INPUT RECORDS ::
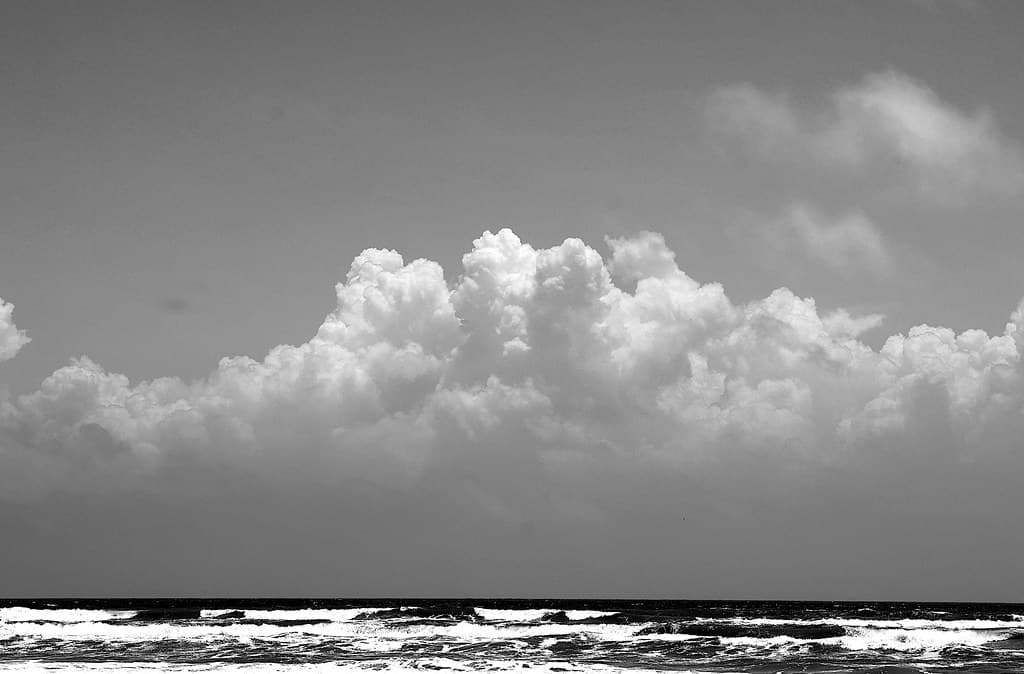 clouds_padre_island_bw_R5-0574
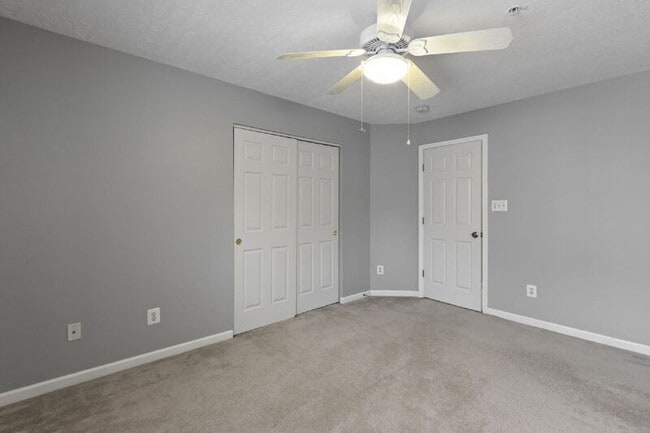 Building Photo - 212 Merlin Dr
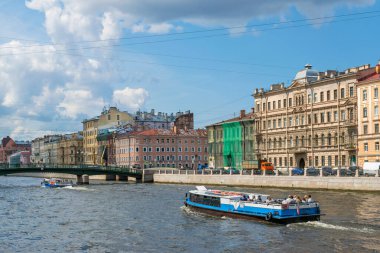 St. Petersburg, Rusya, 2019 yazı: Fontanka Nehri seti ve yaz aylarında St. Petersburg 'da nehirde gezici tekneler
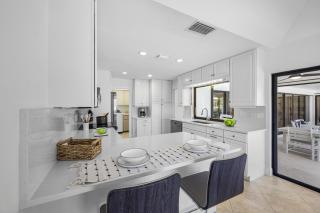 Coastal waterfront home with pool spa and dock - 5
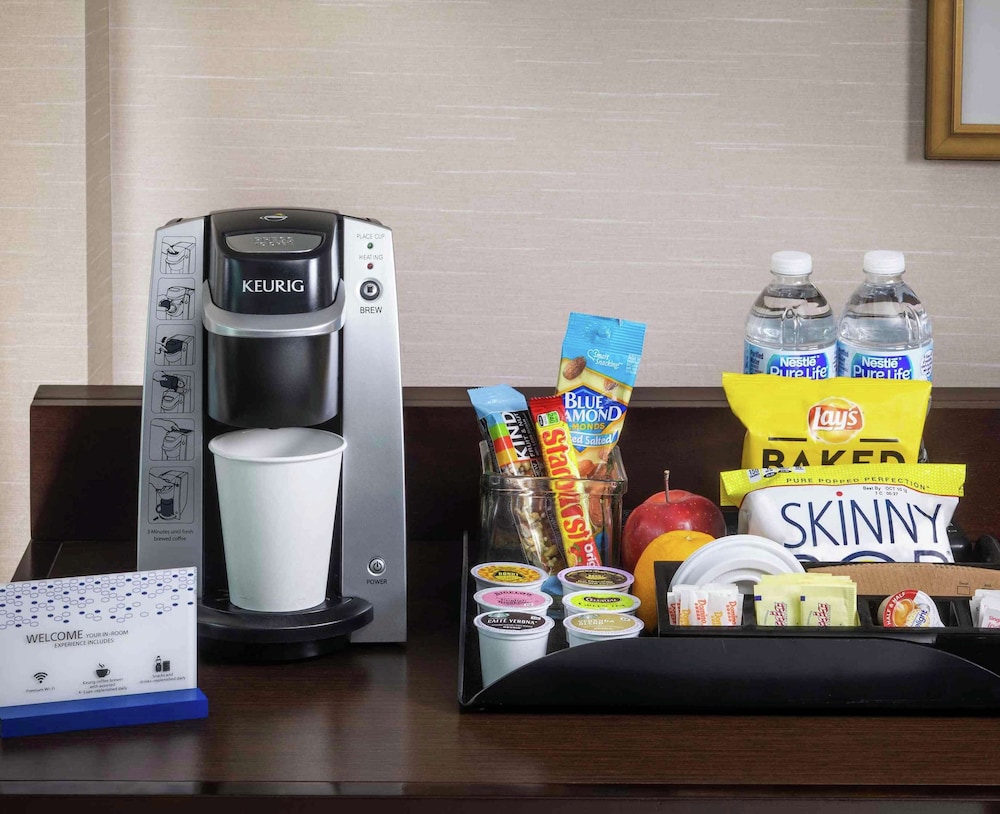 Hampton Inn & Suites Orlando Airport @ Gateway Village — Hotel rooms in Orlando, Florida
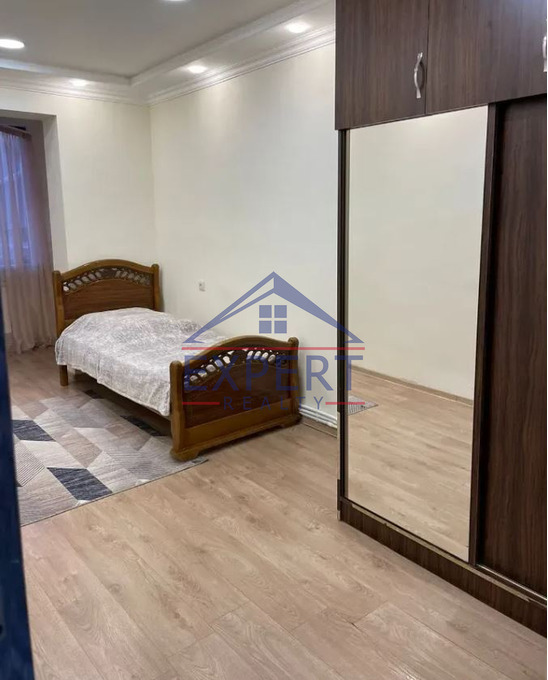 ՄԱԼԱԹԻԱ ՍԵԲԱՍՏԻԱ, ԶՈՐԱՎԱՐ ԱՆԴՐԱՆԻԿԻ ՓՈՂՈՑ, 3 ՍԵՆՅԱԿ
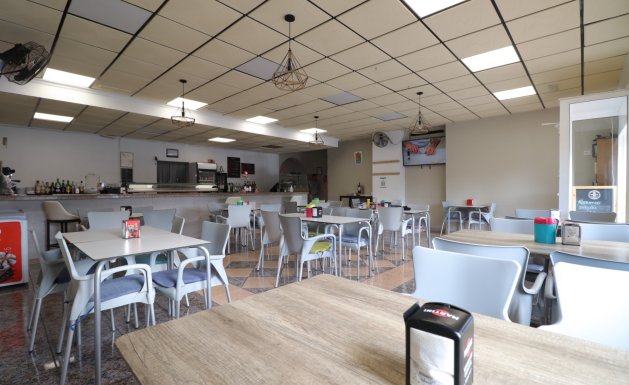 Herverkoop - Reclame - Formentera del Segura - Formentera - Village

WHAT IS REQUIRED :: In the records above, find the line that contains "Coastal waterfront home" and repeat exactly that line and all lines after it to the end. Do not include pictures.

EXERCISE SOLUTION ::
 Coastal waterfront home with pool spa and dock - 5
 Hampton Inn & Suites Orlando Airport @ Gateway Village — Hotel rooms in Orlando, Florida
 ՄԱԼԱԹԻԱ ՍԵԲԱՍՏԻԱ, ԶՈՐԱՎԱՐ ԱՆԴՐԱՆԻԿԻ ՓՈՂՈՑ, 3 ՍԵՆՅԱԿ
 Herverkoop - Reclame - Formentera del Segura - Formentera - Village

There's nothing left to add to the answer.